Question his Heart? Never! (No never)

We’re not sure exactly who questioned Jerome Dyson’s heart.

But UConn coach Jim Calhoun says that’s why his senior guard was so motivated Tuesday night against Northeastern.

Whatever the reason, Dyson eventually came up big for the Huskies (the ones in Storrs).

Dyson scored 11 of UConn’s last 13 points in a 59-57 win in the NIT’s first round. He assisted on the basket to account for the other two points.

Calhoun says it’s all about heart.

“If they question his technique, if they question how hard he works on his game or how skilled he is at this particular point, they probably have a right to say that. I’ve said it to him 1,000 times over,” Calhoun said. “But if anybody questioned his heart during the four-year career, you’re barking up the wrong tree. You really are.

“I question by the fact that he doesn’t get himself ready as he should all the time,” Calhoun continued. “I’m comparing him to Ben Gordon’s 500 jump shots every single night, that kind of guy. Emeka (Okafor), Caron (Butler), some of those kind of guys I’ve had. But I’ve never questioned his tick-tock.”

Dyson’s last game was a four-point, nine-turnover effort against St. John’s in the Big East tournament.

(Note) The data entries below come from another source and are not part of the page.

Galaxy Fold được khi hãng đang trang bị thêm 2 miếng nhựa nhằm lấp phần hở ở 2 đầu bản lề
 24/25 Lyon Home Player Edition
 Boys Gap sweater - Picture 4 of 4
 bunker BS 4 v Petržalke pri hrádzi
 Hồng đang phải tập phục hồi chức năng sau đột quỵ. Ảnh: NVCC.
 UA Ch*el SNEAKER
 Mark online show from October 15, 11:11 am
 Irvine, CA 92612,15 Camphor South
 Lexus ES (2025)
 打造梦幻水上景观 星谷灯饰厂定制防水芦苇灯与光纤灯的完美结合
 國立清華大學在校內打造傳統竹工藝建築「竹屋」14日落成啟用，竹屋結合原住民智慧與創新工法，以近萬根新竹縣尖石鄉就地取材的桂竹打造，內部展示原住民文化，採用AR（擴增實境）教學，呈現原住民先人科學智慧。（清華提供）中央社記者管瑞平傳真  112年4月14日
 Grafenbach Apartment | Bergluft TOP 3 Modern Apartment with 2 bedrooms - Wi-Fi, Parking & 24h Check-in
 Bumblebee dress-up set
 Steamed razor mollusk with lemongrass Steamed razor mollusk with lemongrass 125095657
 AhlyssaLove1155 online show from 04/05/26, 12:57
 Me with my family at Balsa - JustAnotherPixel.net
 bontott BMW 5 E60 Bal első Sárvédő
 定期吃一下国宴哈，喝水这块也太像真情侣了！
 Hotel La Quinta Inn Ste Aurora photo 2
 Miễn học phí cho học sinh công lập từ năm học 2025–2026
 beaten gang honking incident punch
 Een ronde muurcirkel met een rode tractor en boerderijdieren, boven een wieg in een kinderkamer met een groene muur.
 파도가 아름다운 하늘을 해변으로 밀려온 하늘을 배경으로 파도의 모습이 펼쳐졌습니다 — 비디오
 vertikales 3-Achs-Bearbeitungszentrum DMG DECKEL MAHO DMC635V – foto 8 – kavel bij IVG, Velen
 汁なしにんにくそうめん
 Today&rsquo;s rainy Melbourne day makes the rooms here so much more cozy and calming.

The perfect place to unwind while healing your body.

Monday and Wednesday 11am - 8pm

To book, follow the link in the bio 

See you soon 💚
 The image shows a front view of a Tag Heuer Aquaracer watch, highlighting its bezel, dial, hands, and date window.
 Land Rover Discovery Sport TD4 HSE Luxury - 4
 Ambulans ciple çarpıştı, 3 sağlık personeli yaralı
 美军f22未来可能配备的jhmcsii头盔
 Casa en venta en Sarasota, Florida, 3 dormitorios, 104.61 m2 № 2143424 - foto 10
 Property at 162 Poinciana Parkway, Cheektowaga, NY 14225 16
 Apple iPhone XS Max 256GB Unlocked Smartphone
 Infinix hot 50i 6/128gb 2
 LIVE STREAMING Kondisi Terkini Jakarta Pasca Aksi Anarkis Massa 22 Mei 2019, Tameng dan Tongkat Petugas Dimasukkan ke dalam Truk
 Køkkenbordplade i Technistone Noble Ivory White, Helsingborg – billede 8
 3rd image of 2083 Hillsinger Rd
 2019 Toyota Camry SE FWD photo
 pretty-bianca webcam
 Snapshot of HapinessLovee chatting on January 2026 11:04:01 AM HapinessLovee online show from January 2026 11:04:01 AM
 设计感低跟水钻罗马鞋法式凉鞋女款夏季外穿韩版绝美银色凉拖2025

“I honestly thought he tried so hard during the St. John’s game he couldn’t play,” Calhoun said. “I’ve never seen him try harder than what he did in the St. John’s game. And everything he touched turned to lead, stone.”

The nine turnovers were obviously painful for Calhoun and Dyson.

“You never see him get picked three times in a row going to the hole. That doesn’t happen to him,” Calhoun said. “He’ll throw it away. Trust me, he’ll throw it away. He’ll turn it over. He could open a bakery, there’s no question about that.”

— Dyson said he just became more aggressive. He also admitted he looked up at the clock at one point when UConn was down five with five minutes to play and realized they might be the final five minutes of his collegiate career.

“It could have been,” Dyson said. “The way I was playing so far, I didn’t want to end like that.”

— It looks like UConn is going to play Virginia Tech (hoping Quinnipiac proves me wrong for purely selfish reasons) and it looks like the second round game is going to be Saturday.

No definite plans until after Va Tech and the Bobcats finish Wednesday night.

— Tuesday was nearly UConn’s first loss to Northeastern in nearly 25 years. The last time the Boston-based Huskies beat their counterparts from Connecticut was Dec. 27, 1985, when a coach named Jim Calhoun led NU to a 90-73 win over UConn at the Hartford Civic Center.

It’s doubtful the 5,571 fans in attendance Tuesday, even the 400 or so who sported red Northeastern attire, expected domination in the series to end.

Of the seven games between the teams since Calhoun switched sides, only the margin in the 2007 meeting was less than 10 points. In the other six UConn won by 18, 47, 52, 36, 37 and 28 points.

— The crowd was actually pretty big and pretty loud for an NIT game (based on previous NIT games at Gampel).

“I remember playing, I think there was 3,800 people here a few years ago when we played South Carolina,” Calhoun said. “Tonight we got 5,500 people and it helped us.”

— G Matt Janning had 17 points for Northeastern. But 11 of those came in the game’s first nine minutes.

“In the second half they really didn’t let him get much separation,” NU coach Bill Coen said.

Dyson guarded Janning for most of the second half and was on him in the final seconds was Northeastern was trying to get a shot to tie or win.

“He can’t catch the ball. Make someone else beat us,” Calhoun said of his instructions.

NU’s Baptiste Bataille narrowly missed an off-balance three at the buzzer after he was unable to get the ball to Janning.